I am writing a program that will load in a timeseries excel file into a dataframe, then I create several new columns using some basic calculations. My program is going to sometimes read in excel files that are missing months for some records. So in example below I have monthly sales data for two different stores. The stores open during different months, so their first month-end date will differ.
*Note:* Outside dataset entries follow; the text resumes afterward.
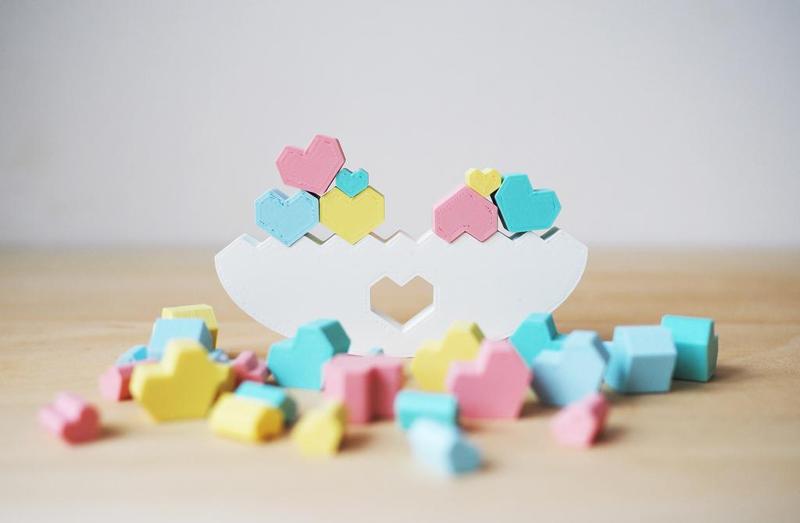 Heart balance game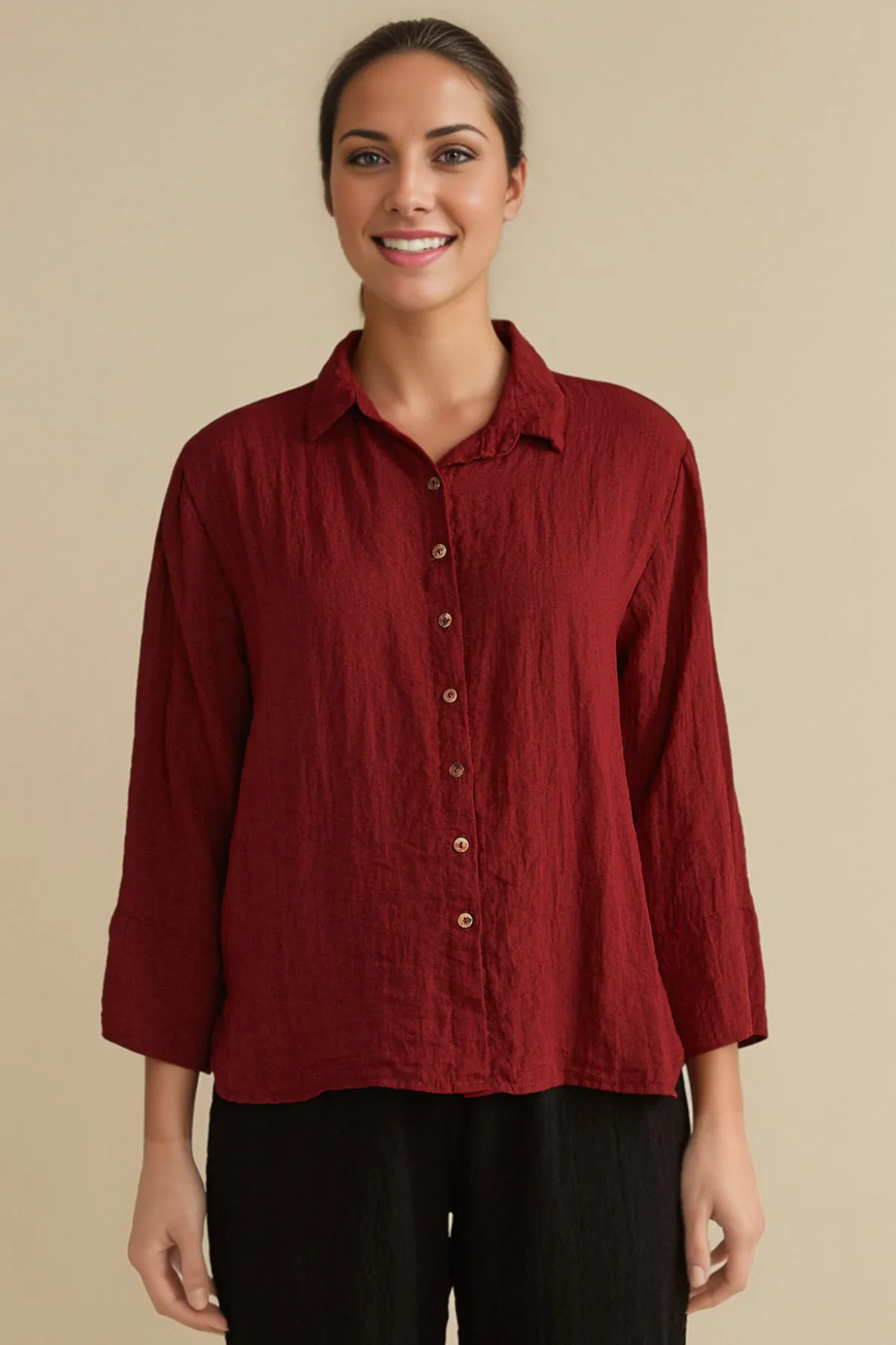 Cut Loose Fall Parachute Crop Easy Shirt Fall 2024- Special Order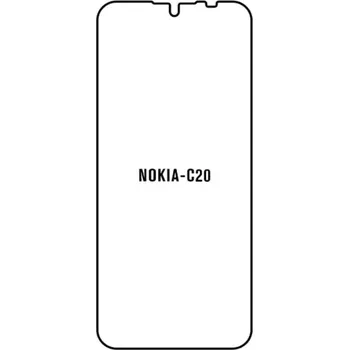 engaroGuard Hydrogel - ochranná fólie - Nokia C20 průsvitná nepoužívám kryt = folie na celý displej 1 kus s výřezem přední kamery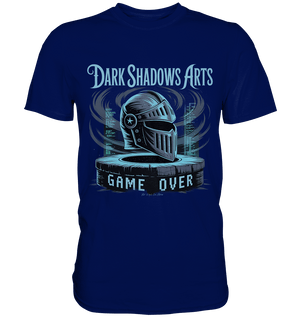 Game Over Knight – Verlorener Ritter im Datengrab - DSA - Premium Shirt | Unisex - Shirts | Dark Shadows Arts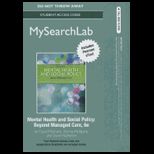 Mental Health and Social Policy   Mysearchlab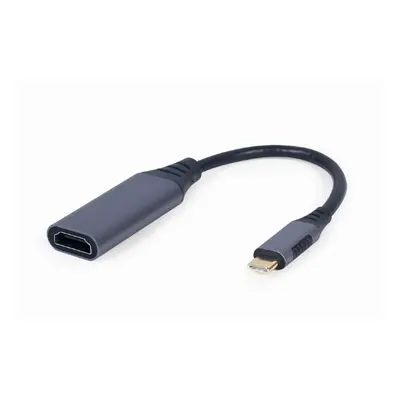 Adaptor Gembird A-USB3C-HDMI-01, USB Type-C la HDMI, Gri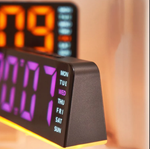 Часы-будильник настольные LED GH9001 черный корпус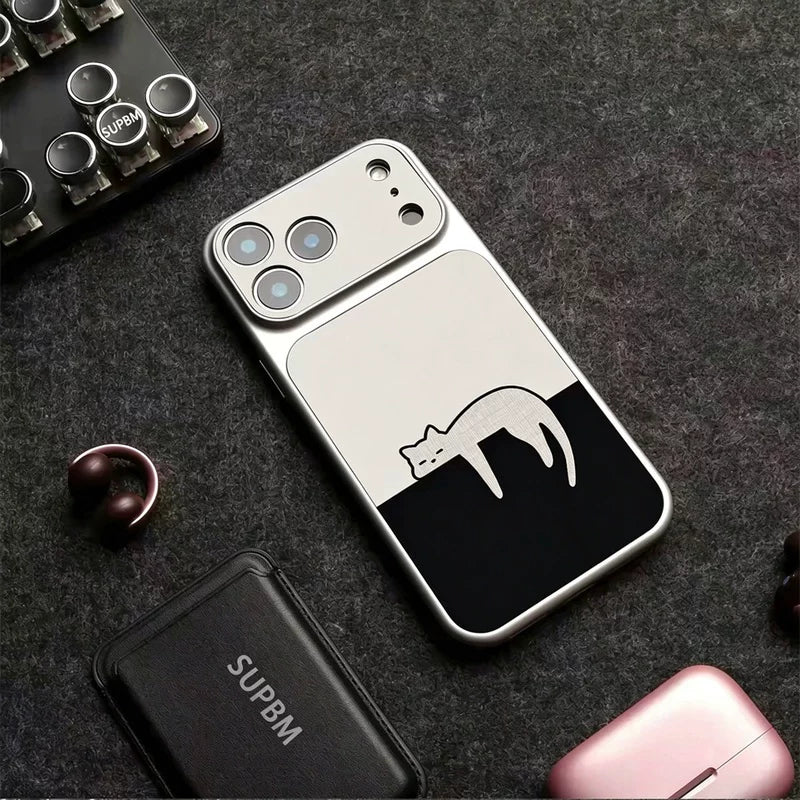 くつろぎねこ柄iPhoneケース デザイン・使用イメージ 3
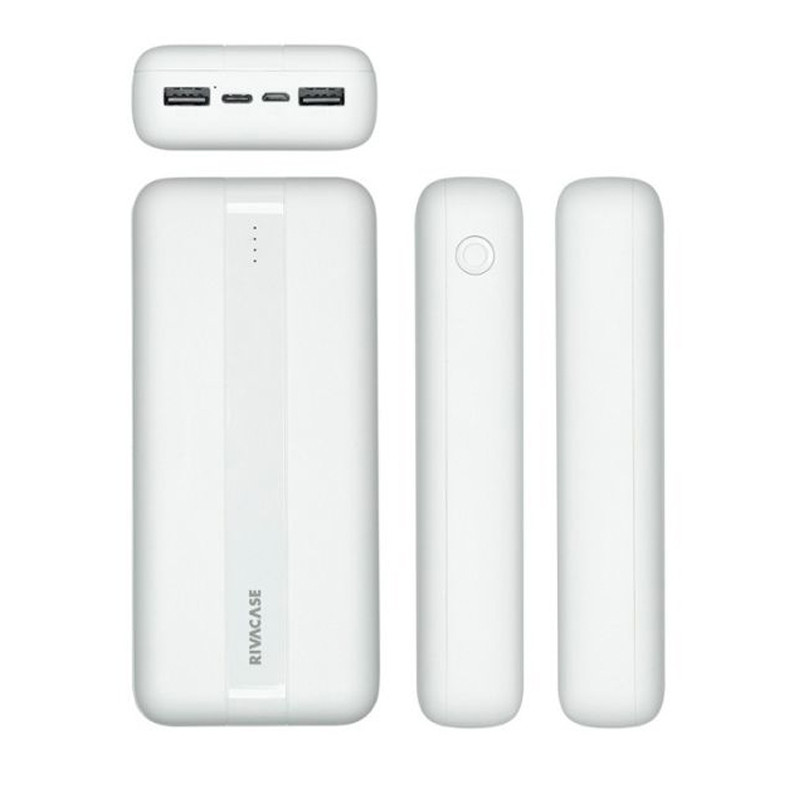 Power Bank Rivacase VA2081 20000 mAh Blanc En Tunisie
But both should have month end data up until 9/30/2020. In my file, Store BBB has no records for 8/31/2020 and 9/30/2020 because there were no Sales during those months.
Store | Month Opened | State | City | Month End Date | Sales |
---|---|---|---|---|---|
AAA | 5/31/2020 | NY | New York | 5/31/2020 | 1000 |
AAA | 5/31/2020 | NY | New York | 6/30/2020 | 5000 |
AAA | 5/31/2020 | NY | New York | 7/30/2020 | 3000 |
AAA | 5/31/2020 | NY | New York | 8/31/2020 | 4000 |
AAA | 5/31/2020 | NY | New York | 9/30/2020 | 2000 |
BBB | 6/30/2020 | CT | Hartford | 6/30/2020 | 100 |
BBB | 6/30/2020 | CT | Hartford | 7/30/2020 | 200 |
So for any instances like this, I want to be able to add two rows for Store BBB for 8/31 and 9/30. The new rows should use the same Month Opened, State and City from the most recent month-end date. The Sales should be set to 0 for both new rows. As of right now, I do the following steps:
- Create Dataframe "MaxDateData" with the store name and the max Month End Date for each Store and also the max Month End Date for the entire time series data frame, I name this field "Most Recent Date".
Store | Max Month End Date | Most Recent Date |
---|---|---|
AAA | 9/30/2020 | 9/30/2020 |
BBB | 7/30/2020 | 9/30/2020 |
- Create Dataframe "MostRecent" with the most recent row from main time series dataframe. To do this, I do an inner join between the time series dataframe and the MaxDateData on the Store Name and Max Month End Date.
Store | Month Opened | State | City | Month End Date | Sales | Max Month End Date | Most Recent Date |
---|---|---|---|---|---|---|---|
AAA | 5/31/2020 | NY | New York | 9/30/2020 | 2000 | 9/30/2020 | 9/30/2020 |
BBB | 6/30/2020 | CT | Hartford | 7/30/2020 | 200 | 7/30/2020 | 9/30/2020 |
- Create a dataframe "RequireBackfill_MostRecent" using a where clause to filter for stores where Max Month End Date < Most Recent Date. See code below. So in this example, the RequireBackfill_MostRecent table will only have a row for store BBB.
RequireBackfill_Stores_MostRecent = MaxDateData.where(MaxDateData['Max Month End Date'] <MaxDateData['Most Recent Date'])
RequireBackfill_MostRecent = MostRecent.merge(RequireBackfill_Stores_MostRecent,how='inner')
- I then use two nested for loops to cycle through dates that I need to fill in. It leverages the RequireBackfill_MostRecent dataframe which would only contain Store BBB.
X=[]
end = MaxDateData['Most Recent Date'][0]
for i in MonthlyData['Month End Date'].unique():
per1 = pd.date_range(start = i, end = end, freq ='M')
for val in per1:
Data=[]
Data = RequireBackfill_MostRecent[["Store"
,"Month Opened"
,"City"
,"State"
]].where(RequireBackfill_MostRecent['Max Month End date']==i).dropna()
Data["Month End Date"]= val
Data["Sales"]= 0
X.append(Data)
NewData = pd.concat(X)
- I then add in the NewData to my timeseries dataframe using concat
FullData_List = [MonthlyData,NewData]
FullData=pd.concat(FullData_List)
This whole process works but is there a much more efficient way to do this? This could become costly when I start to work with larger data.